* _REQUIRED WORK_:
In the copy, include exactly the lines from the one with "Interrupteur orf lève-vitre" through the end of the data and no others, both ends kept, with every picture left out.
::: EXERCISE DATA :::
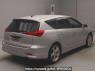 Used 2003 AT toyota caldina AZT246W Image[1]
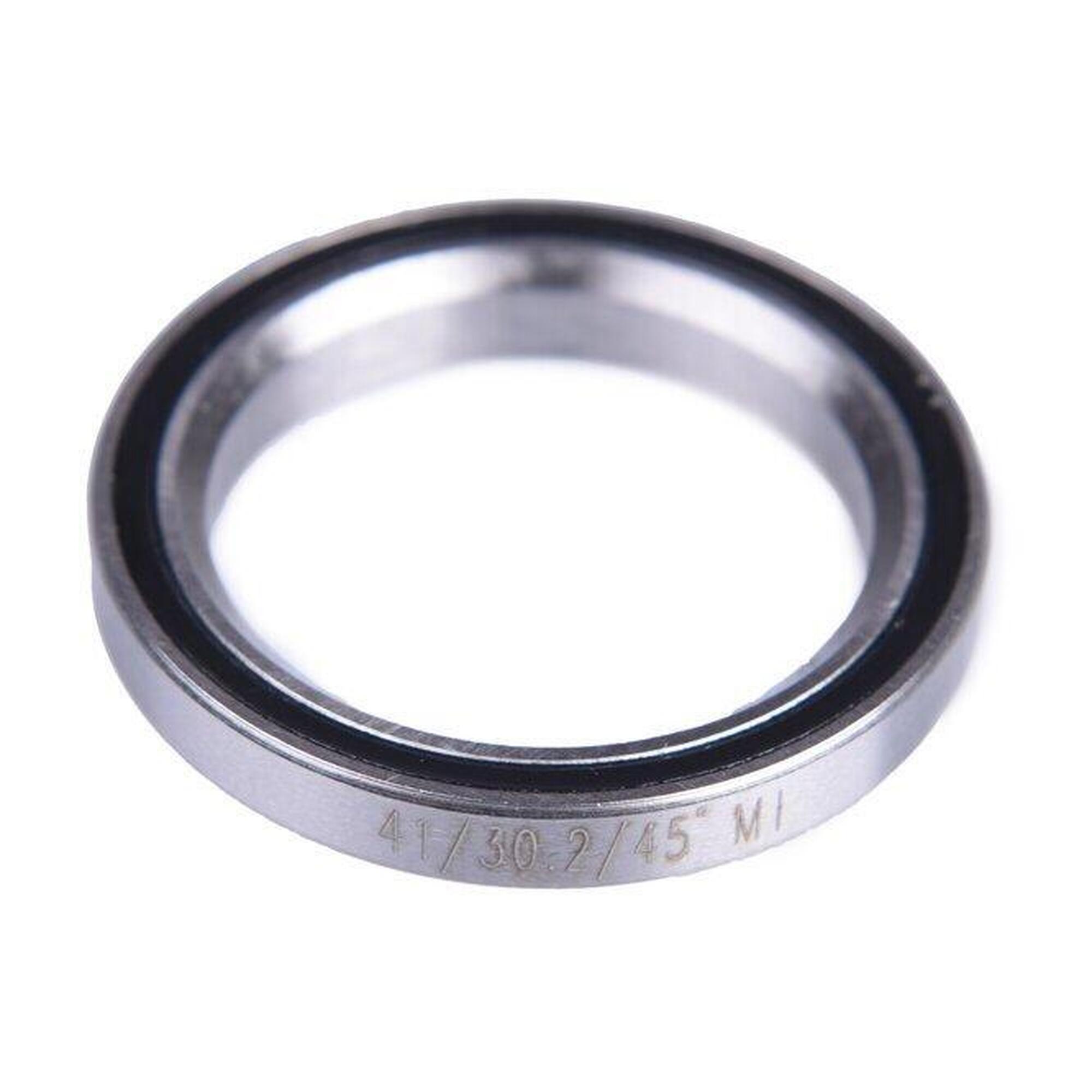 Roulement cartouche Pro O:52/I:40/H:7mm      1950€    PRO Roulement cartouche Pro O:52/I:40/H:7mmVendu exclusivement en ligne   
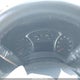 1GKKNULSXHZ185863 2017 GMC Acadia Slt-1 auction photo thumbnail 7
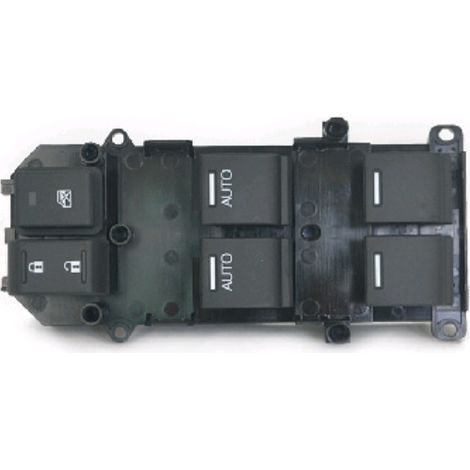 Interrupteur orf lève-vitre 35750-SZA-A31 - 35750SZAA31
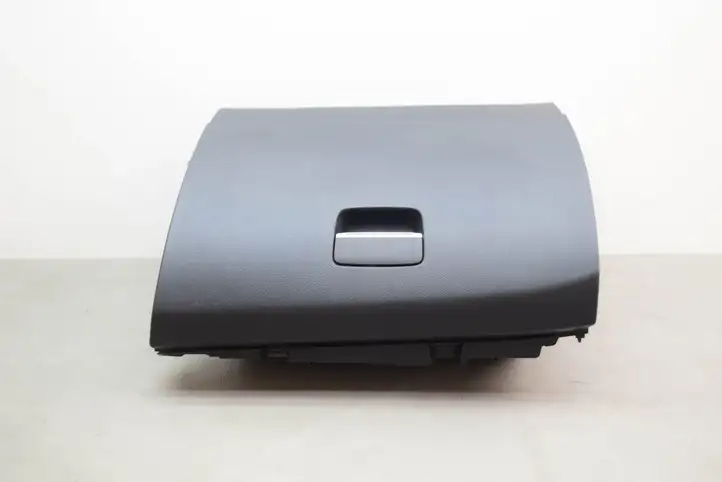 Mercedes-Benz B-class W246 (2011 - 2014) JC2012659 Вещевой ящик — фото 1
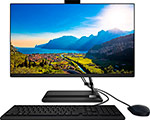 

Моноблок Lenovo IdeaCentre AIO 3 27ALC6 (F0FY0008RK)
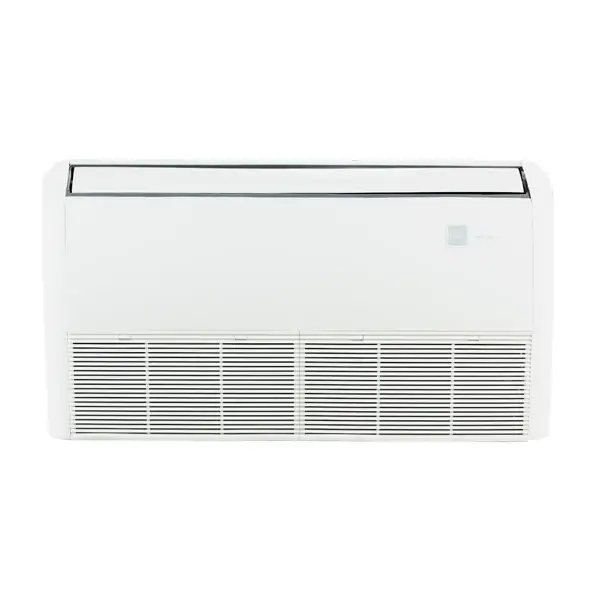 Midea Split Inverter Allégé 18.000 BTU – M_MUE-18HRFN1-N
:::
* _YOUR RESPONSE_:
 Interrupteur orf lève-vitre 35750-SZA-A31 - 35750SZAA31
 Mercedes-Benz B-class W246 (2011 - 2014) JC2012659 Вещевой ящик — фото 1

Моноблок Lenovo IdeaCentre AIO 3 27ALC6 (F0FY0008RK)
 Midea Split Inverter Allégé 18.000 BTU – M_MUE-18HRFN1-N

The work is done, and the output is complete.